→ **WORK TO BE COMPLETED**: Repeat every line from the line containing "100 버버리 브릿 올리브" to the end of the data, exactly. Leave the pictures out.

→ **Extracted records**:

++++++

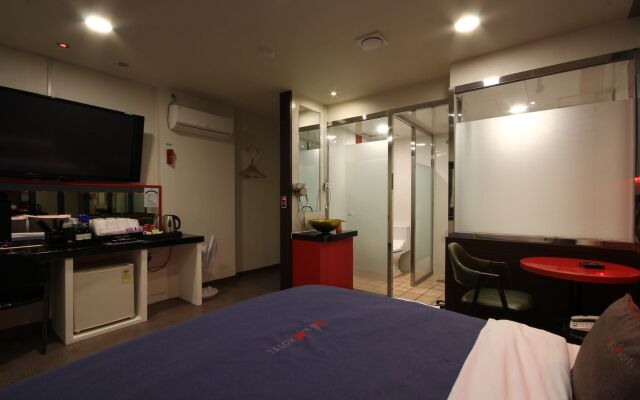 The M Hotel
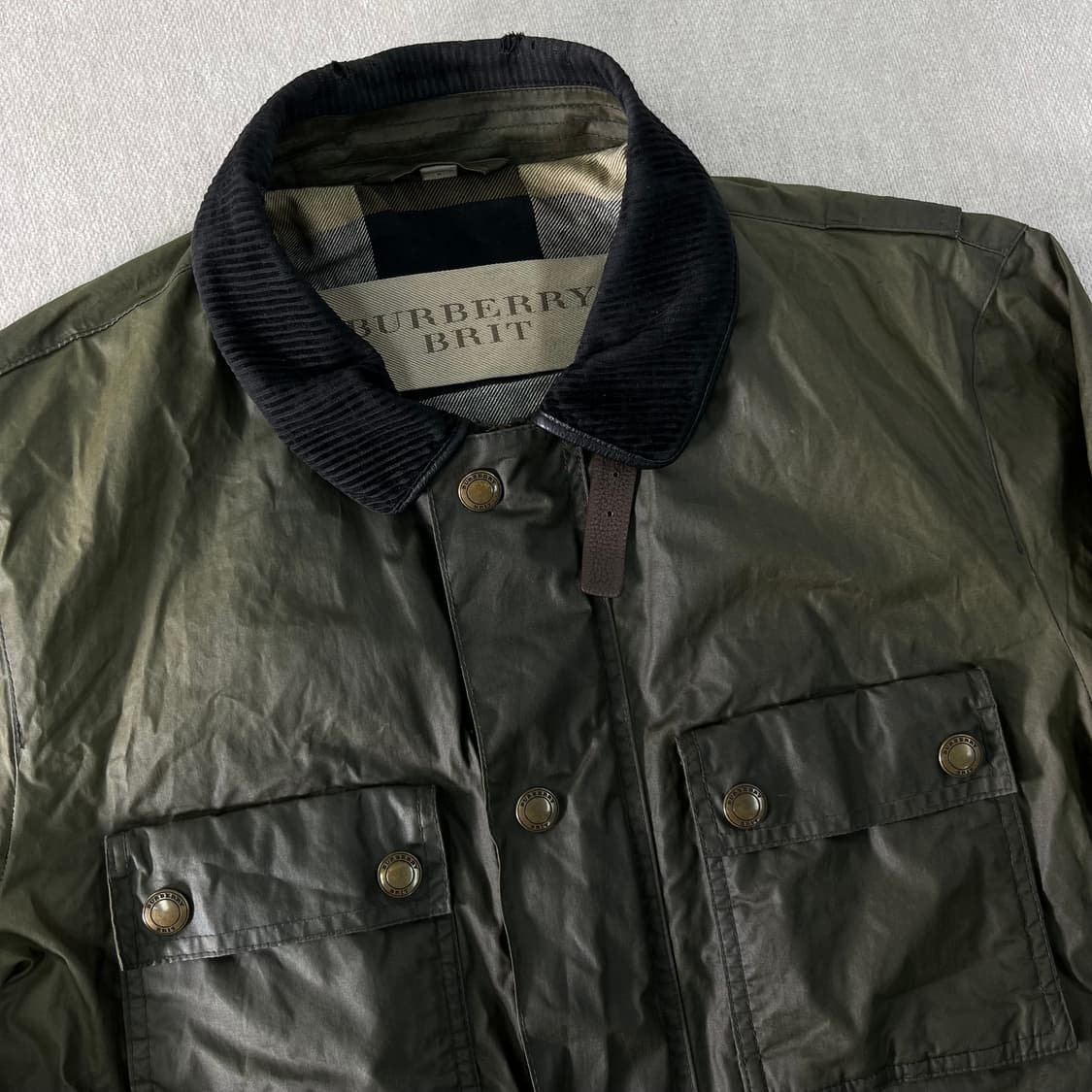 100 버버리 브릿 올리브 왁스 자켓  상품이미지2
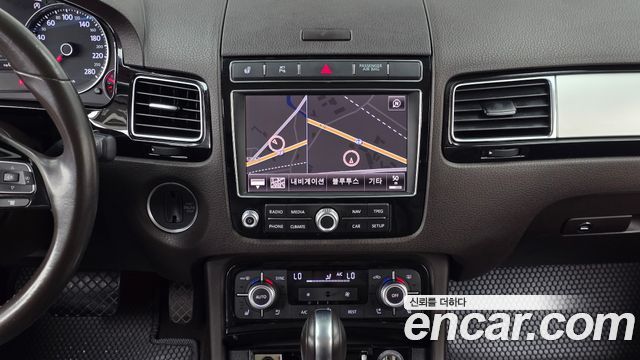 Volkswagen Touareg 2015 — photo 14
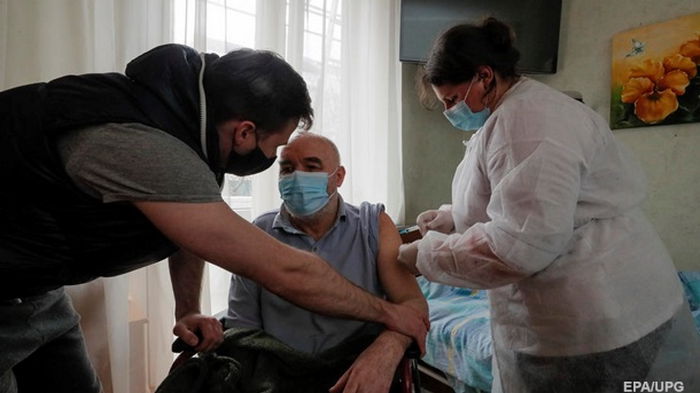 В Украине делают миллион прививок в неделю - МОЗ
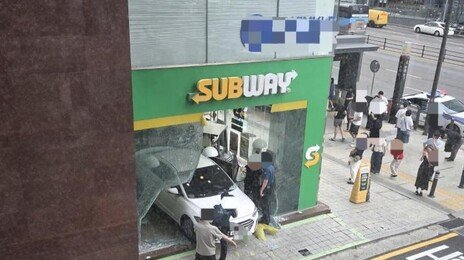 서울 서초구 반포동 써브웨이 매장에 차량 돌진…5명 다쳐
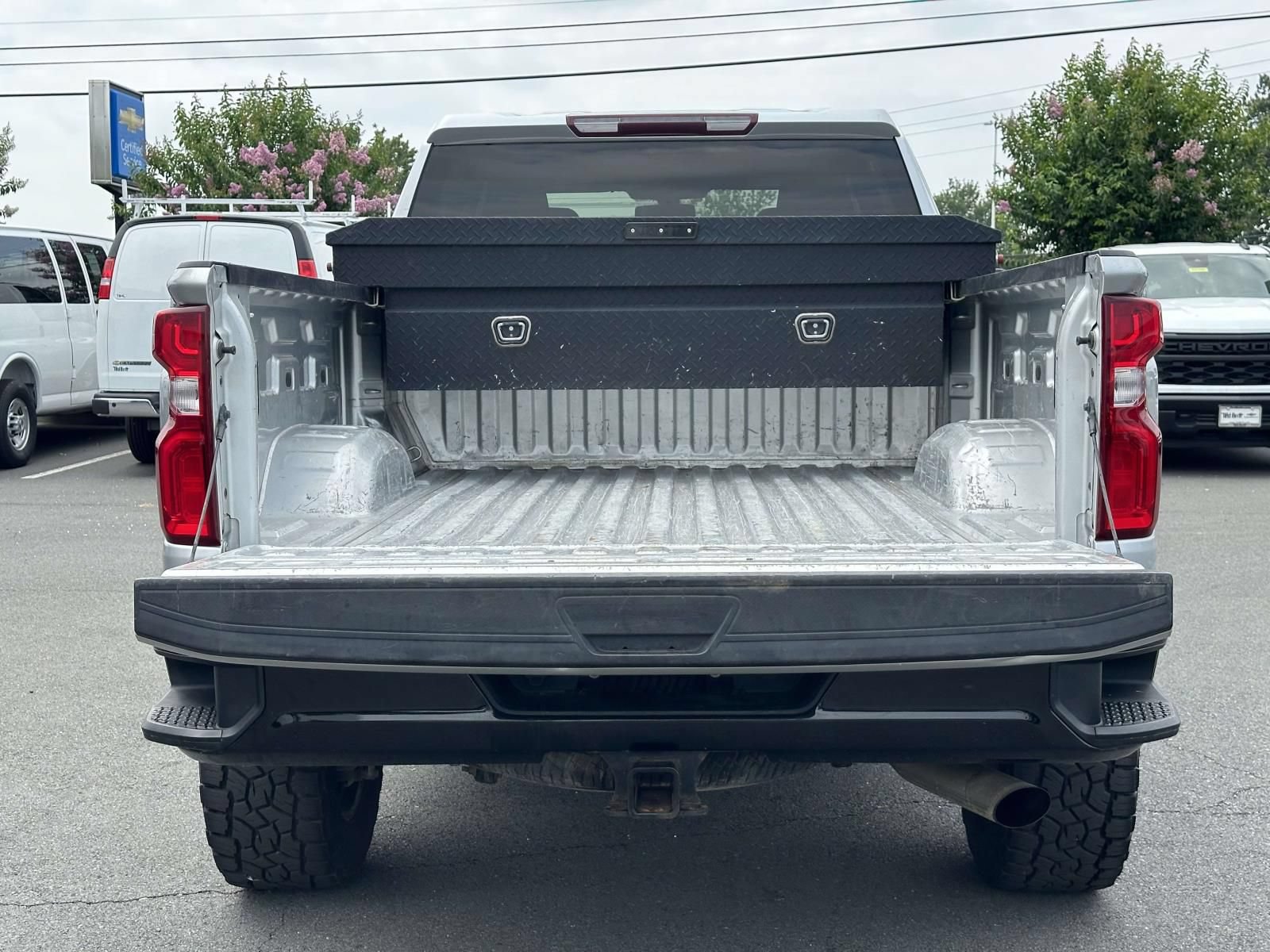 Used 2020 Chevrolet Silverado 2500 Custom w/ Custom Value Package AWD/4WD image 26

++++++

→ **ANSWER**:
 100 버버리 브릿 올리브 왁스 자켓  상품이미지2
 Volkswagen Touareg 2015 — photo 14
 В Украине делают миллион прививок в неделю - МОЗ
 서울 서초구 반포동 써브웨이 매장에 차량 돌진…5명 다쳐
 Used 2020 Chevrolet Silverado 2500 Custom w/ Custom Value Package AWD/4WD image 26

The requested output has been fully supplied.